Expanding Eligibility Criteria
Under the new guidance, CMS will grant a "hardship" designation to individuals who lose eligibility for ACA tax credits next year. This primarily affects people with household incomes above 400% of the federal poverty level, which is $62,600 for an individual or $106,600 for a family of three in the current year.
These individuals will automatically see catastrophic plans as an option on healthcare.gov. Another group—those who qualify for premium tax credits but not for cost-sharing reduction subsidies—may also be eligible, though they might need to submit additional paperwork.
Consumer Interest and Market Availability
Despite the administration's push, it remains uncertain whether these plans will attract a significant number of new enrollees. The high deductibles have historically made them an unpopular choice.
Government data shows that only about 54,000 of the 24 million people enrolled in ACA plans currently have catastrophic coverage. Louise Norris, a health insurance analyst, described the deductible as "a ton of money," which can be a major barrier for consumers.
"Uptake has always been quite low," said Katie Keith, director of the O'Neill Institute’s Center for Health Policy and the Law at Georgetown University. "It’s not a bad option if it is the only option you have. I question whether consumers are looking for this kind of coverage."
State-by-State Availability
Catastrophic plans are not offered by insurers in every state. According to Norris, they are currently unavailable in 10 states: Alaska, Arkansas, Indiana, Louisiana, Mississippi, New Mexico, Oregon, Rhode Island, Utah, and Wyoming. Even where they are available, choices are often limited compared to other plan tiers.

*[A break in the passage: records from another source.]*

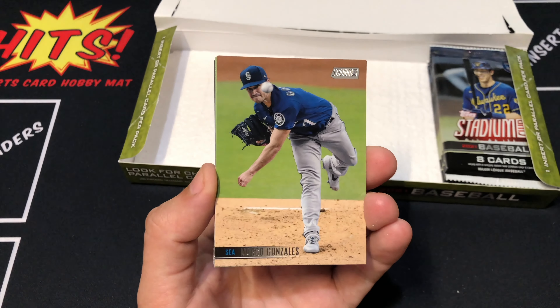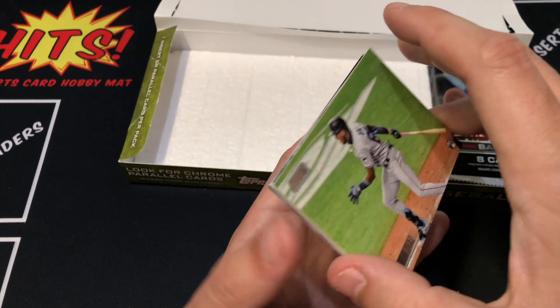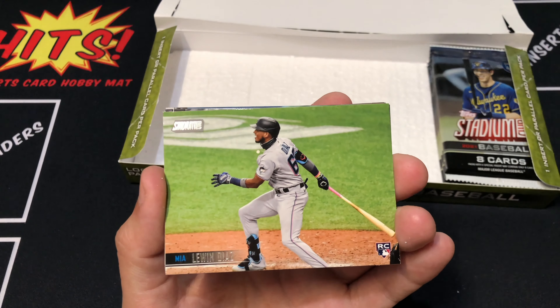Davis leading things off. Gonzalez. Diaz, rookie. Lou Gehrig, red foil. DJ LeMahieu. Eddie Murray.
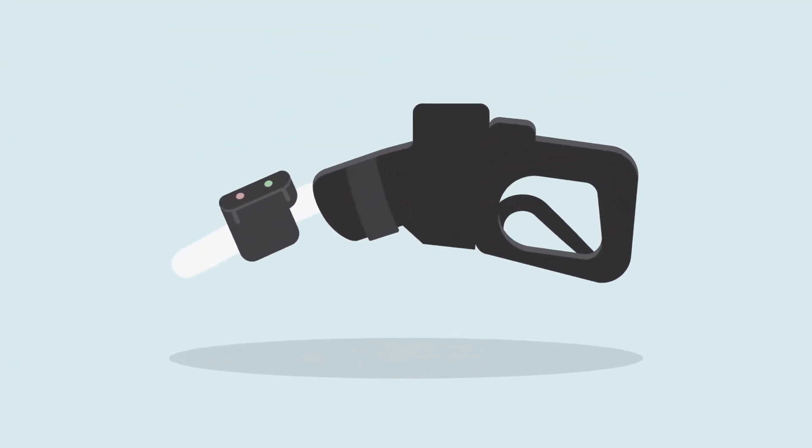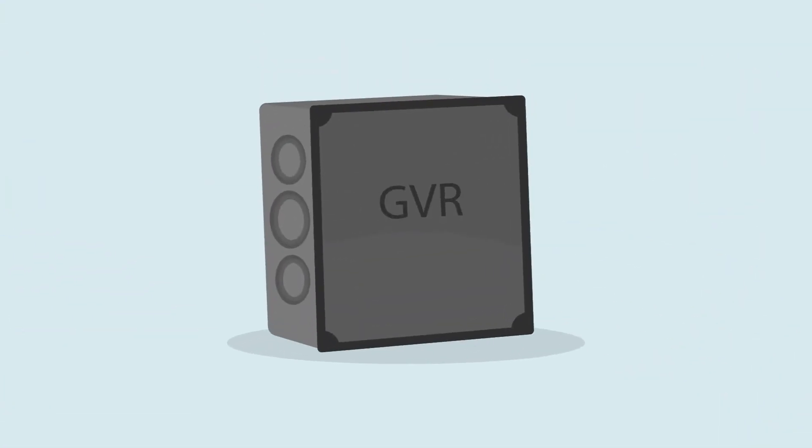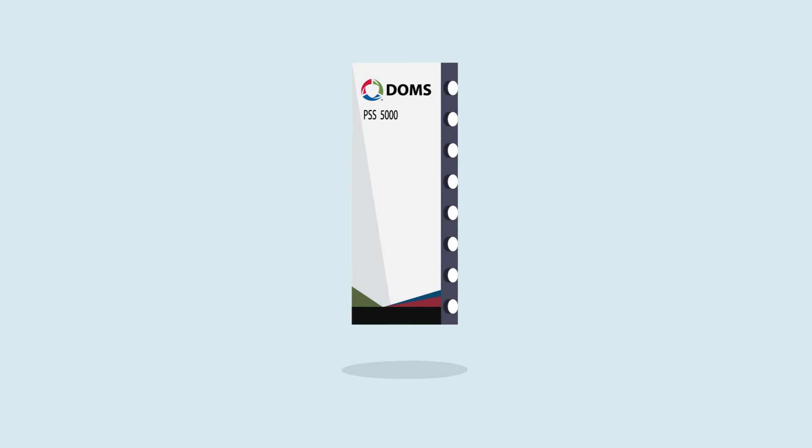A wireless nozzle reader, installed on each fuel pump nozzle to read the vehicle's tag data. A wireless receiver, which receives both vehicle ID and data, decrypts the information, and securely forwards it to the forecourt controller.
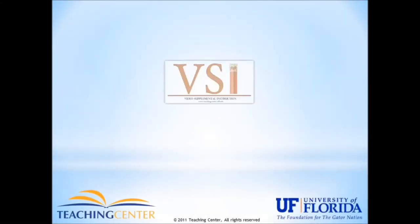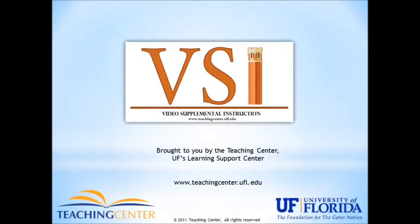The following program is video supplemental instruction. VSI is brought to you by the Teaching Center, UF's Learning Support Center, www.teachingcenter.ufl.edu.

For example, a 25-year-old in Orlando, Florida, could choose from 61 different "bronze" plans this year but only three catastrophic plans. Bronze plans represent the next lowest-cost tier, with an average deductible of $7,186—still high, but significantly less than that of a catastrophic plan.
Legislative and Legal Challenges
The policy shift comes as Congress debates the future of ACA subsidies. A bipartisan group of House lawmakers has introduced a bill to extend the enhanced tax credits for one more year, pushing the issue past the 2026 midterm elections. However, the legislation's future is uncertain due to opposition from some Republicans concerned about the long-term cost, estimated at $335 billion over 10 years for a permanent extension.
AHIP, the health insurance industry's primary lobbying group, has strongly advocated for extending the subsidies. While not commenting directly on the catastrophic plan expansion, AHIP spokesperson Chris Bond said, "while catastrophic plans can provide important coverage for specific needs, they are not a replacement for affordable comprehensive coverage."
Separately, the administration is facing a legal challenge on other ACA rule changes. In late August, a federal judge in Maryland temporarily blocked new regulations that would have required additional verification paperwork for some enrollees. Opponents of the rule cited government estimates that the changes could cause up to 1.8 million people to lose their insurance in 2026. The administration is appealing the ruling, but the temporary pause is expected to remain in effect for the upcoming open enrollment period, which begins November 1.